Start work on Land–People Relationship, Water, Salmon, Caribou, and Wetlands by the end of year two, and Community Resilience, Moose, and Sustainable Local Economy by the end of year four. This timeline considers value health, threats, knowledge gaps, and “nested” values, where protecting one is likely to protect others. Community Culture, Tr’ondëk Hwëch’in Culture, Heritage, and Hän Language, Plant and Animal Relations, and Landscapes are not prioritized for completion in the first four years. However, this does not mean they are less important than the prioritized values.
- Incorporate disturbance from fire (including quantifying burn severity and post-fire ecosystem recovery) and permafrost thaw into cumulative effects management.
- Report annually on the progress of cumulative effects framework elements (see guidance in Appendix 5).
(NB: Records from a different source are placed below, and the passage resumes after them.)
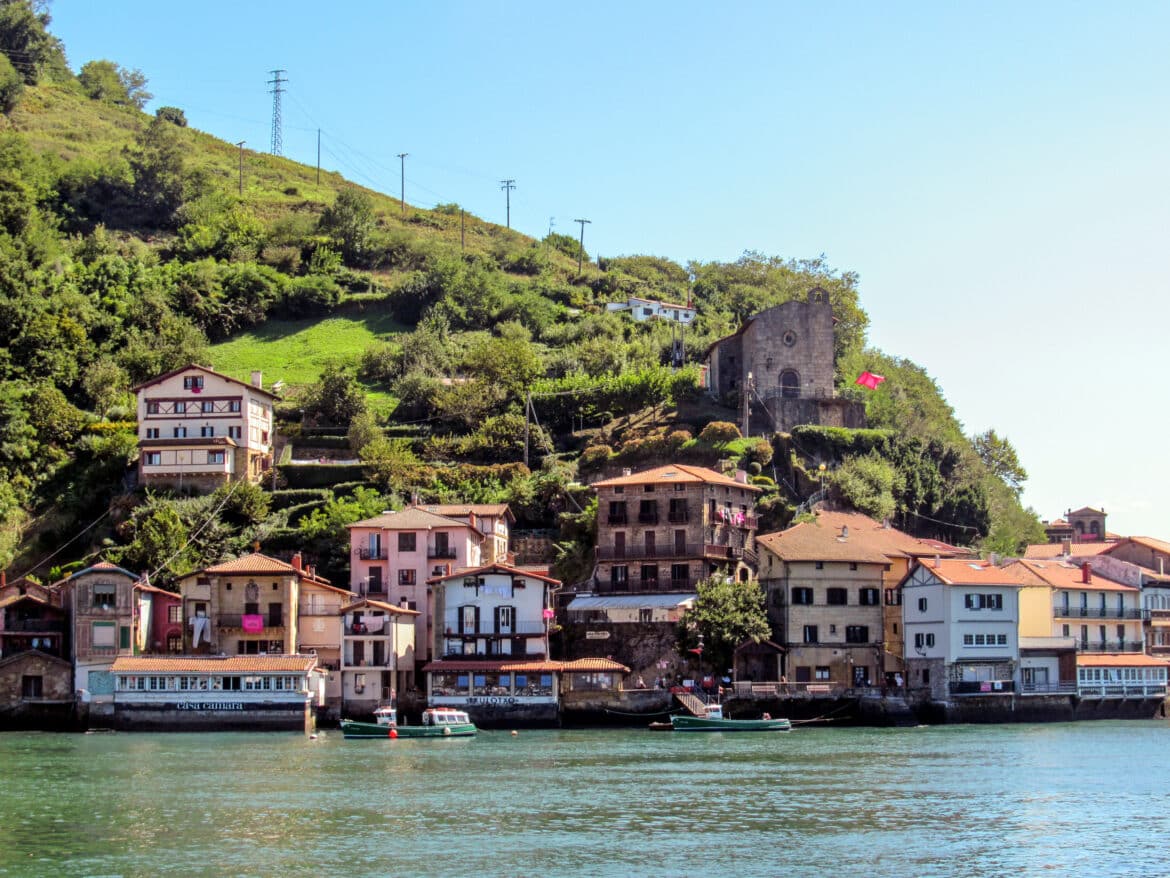 Panorama on Pasaia, pais Basco, from the other side of the river, Camino del Norte Pueblos de Guipúzcoa - Donibane Pasaia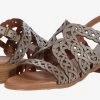 Eric Michael Taupe Padma Womens Woven Braided Leather Strap Sandals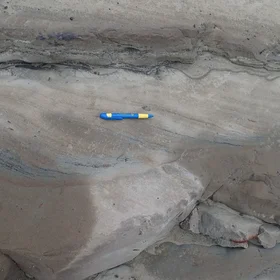Cross-bedffing base (pleistocene foreland basin, Taiwan)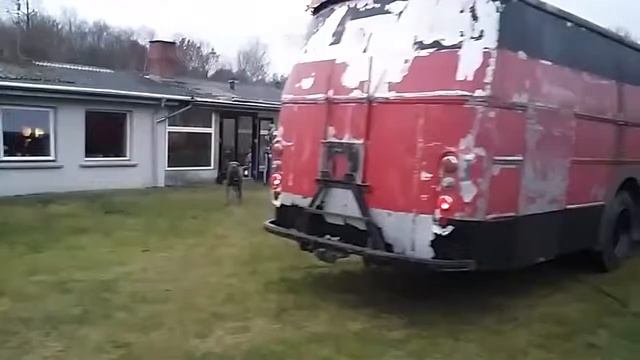Big Dog Drag Racing Denmark. Volvo veteran bus. 1966. Brødrene Repstad Karrosseri.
- Report annually on value health, including health range (once indicators and thresholds are established), health status relative to value goal(s), and/or inadequacies in data.
Governance Recommendations
- Consider and complement the Plan’s cumulative effects framework when developing the territory-wide Ecological Cumulative Effects Framework (Government of Yukon).
- Once the Government of Yukon’s territory-wide Ecological Cumulative Effects Framework is complete, the Parties will review the Plan’s cumulative effects framework and revise it if necessary to maintain the highest standard of value protection.
Knowledge Gaps
- Relationships between initial values identified for cumulative effects development and potential indicators are not well characterized. Research is needed to inform the selection of indicators, setting of thresholds, and appropriate responses, and to prioritize research based on the value timeline in Implementation Action 1.
- There are many ways to incorporate projected climate change impacts on values and land use patterns, including disturbances from wildfire and permafrost thaw, into cumulative effects management. Research these options to identify the most promising and achievable approaches.
- There is a limited understanding of the responses of Plan values (especially Caribou, Moose, Salmon, Wetlands, Tr’ondëk Hwëch’in Culture, Heritage, and Language and Land–People Relationship) to human-caused and natural disturbance (independently and in combination). Research these responses to inform adaptation of development footprint indicators, selection of appropriate responses, and development of new indicators.